Mulu Z Tesfay et al. J Virol. 2013 Apr.

Erratum in

  • J Virol. 2015 Feb;89(4):2453

Abstract

We are developing oncolytic vesicular stomatitis viruses (VSVs) for systemic treatment of multiple myeloma, an incurable malignancy of antibody-secreting plasma cells that are specifically localized in the bone marrow. One of the presumed advantages for using VSV as an oncolytic virus is that human infections are rare and preexisting anti-VSV immunity is typically lacking in cancer patients, which is very important for clinical success. However, our studies show that nonimmune human and mouse serum can neutralize clinical-grade VSV, reducing the titer by up to 4 log units in 60 min.
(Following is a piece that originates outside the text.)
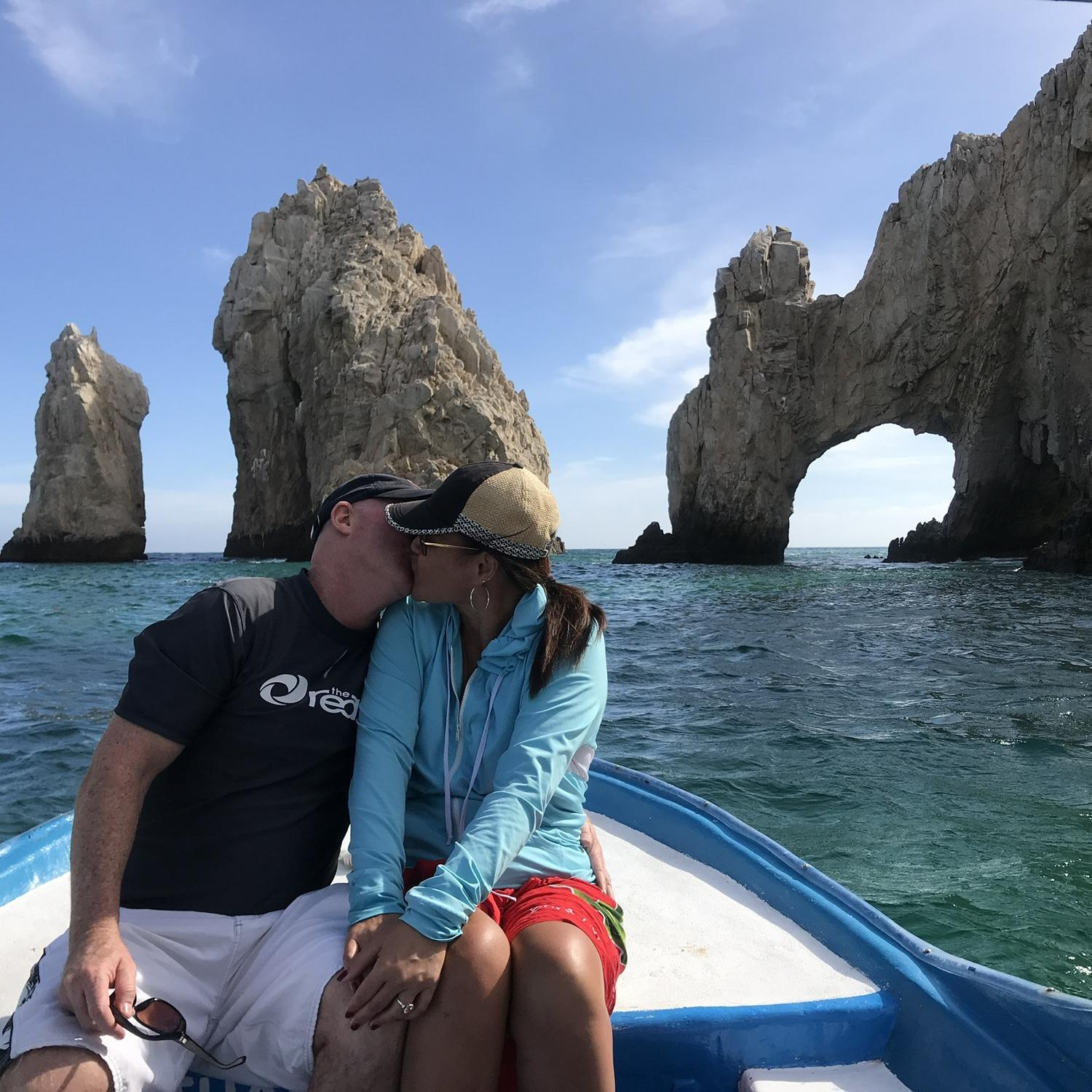 Kissing in Cabo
In addition, we show that neutralizing anti-VSV antibodies negate the antitumor efficacy of VSV, a concern for repeat VSV administration. We have investigated the potential use of covalent modification of VSV with polyethylene glycol (PEG) or a function-spacer-lipid (FSL)-PEG construct to inhibit serum neutralization and to limit hepatosplenic sequestration of systemically delivered VSV. We report that in mice passively immunized with neutralizing anti-VSV antibodies, PEGylation of VSV improved the persistence of VSV in the blood circulation, maintaining a more than 1-log-unit increase in VSV genome copies for up to 1 h compared to the genome copy numbers for the non-PEGylated virus, which was mostly cleared within 10 min after intravenous injection. We are currently investigating if this increase in PEGylated VSV circulating half-life can translate to increased virus delivery and better efficacy in mouse models of multiple myeloma.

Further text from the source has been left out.